▶ **Instructions to follow**
The lines to copy are those in the listing that hold the word "Wallpaper".

▶ **Provided records**

########################################

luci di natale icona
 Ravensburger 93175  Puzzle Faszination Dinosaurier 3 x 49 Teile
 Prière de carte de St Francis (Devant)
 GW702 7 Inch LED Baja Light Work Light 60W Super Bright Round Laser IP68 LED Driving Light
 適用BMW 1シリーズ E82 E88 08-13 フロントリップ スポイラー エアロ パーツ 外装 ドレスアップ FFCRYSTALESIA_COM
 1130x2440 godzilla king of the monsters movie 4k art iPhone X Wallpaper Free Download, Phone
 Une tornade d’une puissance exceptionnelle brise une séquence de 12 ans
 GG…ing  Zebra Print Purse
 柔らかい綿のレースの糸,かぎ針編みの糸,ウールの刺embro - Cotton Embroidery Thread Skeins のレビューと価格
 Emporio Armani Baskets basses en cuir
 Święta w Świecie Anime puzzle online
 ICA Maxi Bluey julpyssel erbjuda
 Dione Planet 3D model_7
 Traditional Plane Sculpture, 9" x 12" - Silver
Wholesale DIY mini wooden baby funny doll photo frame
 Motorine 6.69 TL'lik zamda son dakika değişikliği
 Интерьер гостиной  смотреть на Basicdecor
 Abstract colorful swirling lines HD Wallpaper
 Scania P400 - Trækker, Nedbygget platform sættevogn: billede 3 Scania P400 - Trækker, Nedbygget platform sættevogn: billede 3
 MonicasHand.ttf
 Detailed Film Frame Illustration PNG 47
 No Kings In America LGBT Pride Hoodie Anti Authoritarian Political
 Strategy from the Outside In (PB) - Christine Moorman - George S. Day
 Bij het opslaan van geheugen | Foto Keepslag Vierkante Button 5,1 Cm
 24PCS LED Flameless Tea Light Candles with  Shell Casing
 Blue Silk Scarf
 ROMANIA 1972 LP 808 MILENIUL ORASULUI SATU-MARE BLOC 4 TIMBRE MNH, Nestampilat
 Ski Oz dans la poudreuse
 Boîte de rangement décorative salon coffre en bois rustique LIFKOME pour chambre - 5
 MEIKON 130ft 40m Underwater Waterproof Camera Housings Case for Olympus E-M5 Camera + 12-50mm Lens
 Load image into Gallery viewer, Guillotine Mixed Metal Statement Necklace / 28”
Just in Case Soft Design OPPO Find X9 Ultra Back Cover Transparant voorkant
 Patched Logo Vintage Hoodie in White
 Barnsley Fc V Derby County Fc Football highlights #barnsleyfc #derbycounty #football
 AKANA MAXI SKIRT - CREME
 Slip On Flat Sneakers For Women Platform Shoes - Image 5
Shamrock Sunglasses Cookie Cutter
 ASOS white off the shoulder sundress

########################################

▶ **Response to the task**
 1130x2440 godzilla king of the monsters movie 4k art iPhone X Wallpaper Free Download, Phone
 Abstract colorful swirling lines HD Wallpaper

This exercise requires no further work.